▶ **Records from a data collection**

== Segment start ==

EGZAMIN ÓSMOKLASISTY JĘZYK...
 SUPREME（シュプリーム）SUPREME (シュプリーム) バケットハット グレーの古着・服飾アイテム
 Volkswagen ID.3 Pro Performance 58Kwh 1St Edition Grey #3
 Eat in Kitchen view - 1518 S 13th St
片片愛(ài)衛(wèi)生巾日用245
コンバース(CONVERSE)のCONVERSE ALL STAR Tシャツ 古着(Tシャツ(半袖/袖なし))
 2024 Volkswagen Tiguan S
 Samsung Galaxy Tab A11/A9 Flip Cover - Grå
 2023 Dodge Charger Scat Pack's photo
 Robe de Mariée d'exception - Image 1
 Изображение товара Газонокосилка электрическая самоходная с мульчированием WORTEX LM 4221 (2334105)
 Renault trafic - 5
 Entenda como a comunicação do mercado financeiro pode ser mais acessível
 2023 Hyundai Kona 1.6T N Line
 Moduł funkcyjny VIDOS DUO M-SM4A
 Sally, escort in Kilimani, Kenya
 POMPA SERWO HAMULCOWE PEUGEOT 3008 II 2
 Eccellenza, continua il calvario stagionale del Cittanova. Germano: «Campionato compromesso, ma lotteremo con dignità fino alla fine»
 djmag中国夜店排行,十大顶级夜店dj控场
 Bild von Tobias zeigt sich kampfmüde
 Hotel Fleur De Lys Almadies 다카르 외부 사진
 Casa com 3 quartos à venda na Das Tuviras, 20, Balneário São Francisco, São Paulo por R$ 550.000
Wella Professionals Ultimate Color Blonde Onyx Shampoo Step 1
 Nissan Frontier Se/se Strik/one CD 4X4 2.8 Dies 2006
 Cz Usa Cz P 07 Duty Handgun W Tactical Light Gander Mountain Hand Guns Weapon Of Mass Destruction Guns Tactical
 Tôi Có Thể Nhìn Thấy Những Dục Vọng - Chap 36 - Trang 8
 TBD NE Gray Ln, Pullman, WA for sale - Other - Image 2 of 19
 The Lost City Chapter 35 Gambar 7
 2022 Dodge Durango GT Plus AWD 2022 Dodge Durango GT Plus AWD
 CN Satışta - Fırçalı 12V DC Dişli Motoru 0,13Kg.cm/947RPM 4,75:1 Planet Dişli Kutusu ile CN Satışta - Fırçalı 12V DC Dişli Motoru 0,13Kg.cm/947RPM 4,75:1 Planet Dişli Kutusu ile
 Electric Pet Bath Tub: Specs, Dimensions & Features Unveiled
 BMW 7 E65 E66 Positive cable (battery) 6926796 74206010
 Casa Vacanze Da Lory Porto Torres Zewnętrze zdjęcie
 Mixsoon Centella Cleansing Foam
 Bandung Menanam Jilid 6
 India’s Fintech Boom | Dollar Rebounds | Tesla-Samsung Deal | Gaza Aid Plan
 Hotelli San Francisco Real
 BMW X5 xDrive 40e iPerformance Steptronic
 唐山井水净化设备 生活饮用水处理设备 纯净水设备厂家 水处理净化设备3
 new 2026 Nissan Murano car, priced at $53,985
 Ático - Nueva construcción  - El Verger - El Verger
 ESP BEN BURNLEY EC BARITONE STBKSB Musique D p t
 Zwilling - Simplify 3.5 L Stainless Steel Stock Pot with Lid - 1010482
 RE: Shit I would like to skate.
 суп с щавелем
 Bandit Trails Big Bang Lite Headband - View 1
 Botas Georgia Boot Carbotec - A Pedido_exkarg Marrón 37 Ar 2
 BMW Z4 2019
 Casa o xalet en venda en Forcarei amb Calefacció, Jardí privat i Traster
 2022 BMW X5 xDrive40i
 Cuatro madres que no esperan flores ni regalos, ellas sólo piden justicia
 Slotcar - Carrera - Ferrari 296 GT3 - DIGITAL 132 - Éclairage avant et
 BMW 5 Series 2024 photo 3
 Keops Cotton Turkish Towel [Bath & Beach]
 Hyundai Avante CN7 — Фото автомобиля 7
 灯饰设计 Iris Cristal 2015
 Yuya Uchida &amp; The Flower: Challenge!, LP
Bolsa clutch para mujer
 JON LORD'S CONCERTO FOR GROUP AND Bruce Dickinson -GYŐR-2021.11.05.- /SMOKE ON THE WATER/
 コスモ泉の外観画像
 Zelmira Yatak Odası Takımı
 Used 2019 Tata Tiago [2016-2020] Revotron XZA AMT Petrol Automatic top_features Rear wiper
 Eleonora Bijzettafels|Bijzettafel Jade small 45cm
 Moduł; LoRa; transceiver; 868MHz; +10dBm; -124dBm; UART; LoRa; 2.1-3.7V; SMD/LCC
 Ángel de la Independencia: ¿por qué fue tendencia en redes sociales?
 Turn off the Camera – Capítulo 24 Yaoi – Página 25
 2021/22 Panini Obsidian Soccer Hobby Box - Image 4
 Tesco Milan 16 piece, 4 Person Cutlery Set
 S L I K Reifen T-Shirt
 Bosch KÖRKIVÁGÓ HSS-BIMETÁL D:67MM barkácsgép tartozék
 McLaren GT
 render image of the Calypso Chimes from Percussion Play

== Segment end ==

▶ **What to do**
An accurate, complete transcription of the records above is needed.

▶ **Response to this task**
EGZAMIN ÓSMOKLASISTY JĘZYK...
 SUPREME（シュプリーム）SUPREME (シュプリーム) バケットハット グレーの古着・服飾アイテム
 Volkswagen ID.3 Pro Performance 58Kwh 1St Edition Grey #3
 Eat in Kitchen view - 1518 S 13th St
片片愛(ài)衛(wèi)生巾日用245
コンバース(CONVERSE)のCONVERSE ALL STAR Tシャツ 古着(Tシャツ(半袖/袖なし))
 2024 Volkswagen Tiguan S
 Samsung Galaxy Tab A11/A9 Flip Cover - Grå
 2023 Dodge Charger Scat Pack's photo
 Robe de Mariée d'exception - Image 1
 Изображение товара Газонокосилка электрическая самоходная с мульчированием WORTEX LM 4221 (2334105)
 Renault trafic - 5
 Entenda como a comunicação do mercado financeiro pode ser mais acessível
 2023 Hyundai Kona 1.6T N Line
 Moduł funkcyjny VIDOS DUO M-SM4A
 Sally, escort in Kilimani, Kenya
 POMPA SERWO HAMULCOWE PEUGEOT 3008 II 2
 Eccellenza, continua il calvario stagionale del Cittanova. Germano: «Campionato compromesso, ma lotteremo con dignità fino alla fine»
 djmag中国夜店排行,十大顶级夜店dj控场
 Bild von Tobias zeigt sich kampfmüde
 Hotel Fleur De Lys Almadies 다카르 외부 사진
 Casa com 3 quartos à venda na Das Tuviras, 20, Balneário São Francisco, São Paulo por R$ 550.000
Wella Professionals Ultimate Color Blonde Onyx Shampoo Step 1
 Nissan Frontier Se/se Strik/one CD 4X4 2.8 Dies 2006
 Cz Usa Cz P 07 Duty Handgun W Tactical Light Gander Mountain Hand Guns Weapon Of Mass Destruction Guns Tactical
 Tôi Có Thể Nhìn Thấy Những Dục Vọng - Chap 36 - Trang 8
 TBD NE Gray Ln, Pullman, WA for sale - Other - Image 2 of 19
 The Lost City Chapter 35 Gambar 7
 2022 Dodge Durango GT Plus AWD 2022 Dodge Durango GT Plus AWD
 CN Satışta - Fırçalı 12V DC Dişli Motoru 0,13Kg.cm/947RPM 4,75:1 Planet Dişli Kutusu ile CN Satışta - Fırçalı 12V DC Dişli Motoru 0,13Kg.cm/947RPM 4,75:1 Planet Dişli Kutusu ile
 Electric Pet Bath Tub: Specs, Dimensions & Features Unveiled
 BMW 7 E65 E66 Positive cable (battery) 6926796 74206010
 Casa Vacanze Da Lory Porto Torres Zewnętrze zdjęcie
 Mixsoon Centella Cleansing Foam
 Bandung Menanam Jilid 6
 India’s Fintech Boom | Dollar Rebounds | Tesla-Samsung Deal | Gaza Aid Plan
 Hotelli San Francisco Real
 BMW X5 xDrive 40e iPerformance Steptronic
 唐山井水净化设备 生活饮用水处理设备 纯净水设备厂家 水处理净化设备3
 new 2026 Nissan Murano car, priced at $53,985
 Ático - Nueva construcción  - El Verger - El Verger
 ESP BEN BURNLEY EC BARITONE STBKSB Musique D p t
 Zwilling - Simplify 3.5 L Stainless Steel Stock Pot with Lid - 1010482
 RE: Shit I would like to skate.
 суп с щавелем
 Bandit Trails Big Bang Lite Headband - View 1
 Botas Georgia Boot Carbotec - A Pedido_exkarg Marrón 37 Ar 2
 BMW Z4 2019
 Casa o xalet en venda en Forcarei amb Calefacció, Jardí privat i Traster
 2022 BMW X5 xDrive40i
 Cuatro madres que no esperan flores ni regalos, ellas sólo piden justicia
 Slotcar - Carrera - Ferrari 296 GT3 - DIGITAL 132 - Éclairage avant et
 BMW 5 Series 2024 photo 3
 Keops Cotton Turkish Towel [Bath & Beach]
 Hyundai Avante CN7 — Фото автомобиля 7
 灯饰设计 Iris Cristal 2015
 Yuya Uchida &amp; The Flower: Challenge!, LP
Bolsa clutch para mujer
 JON LORD'S CONCERTO FOR GROUP AND Bruce Dickinson -GYŐR-2021.11.05.- /SMOKE ON THE WATER/
 コスモ泉の外観画像
 Zelmira Yatak Odası Takımı
 Used 2019 Tata Tiago [2016-2020] Revotron XZA AMT Petrol Automatic top_features Rear wiper
 Eleonora Bijzettafels|Bijzettafel Jade small 45cm
 Moduł; LoRa; transceiver; 868MHz; +10dBm; -124dBm; UART; LoRa; 2.1-3.7V; SMD/LCC
 Ángel de la Independencia: ¿por qué fue tendencia en redes sociales?
 Turn off the Camera – Capítulo 24 Yaoi – Página 25
 2021/22 Panini Obsidian Soccer Hobby Box - Image 4
 Tesco Milan 16 piece, 4 Person Cutlery Set
 S L I K Reifen T-Shirt
 Bosch KÖRKIVÁGÓ HSS-BIMETÁL D:67MM barkácsgép tartozék
 McLaren GT
 render image of the Calypso Chimes from Percussion Play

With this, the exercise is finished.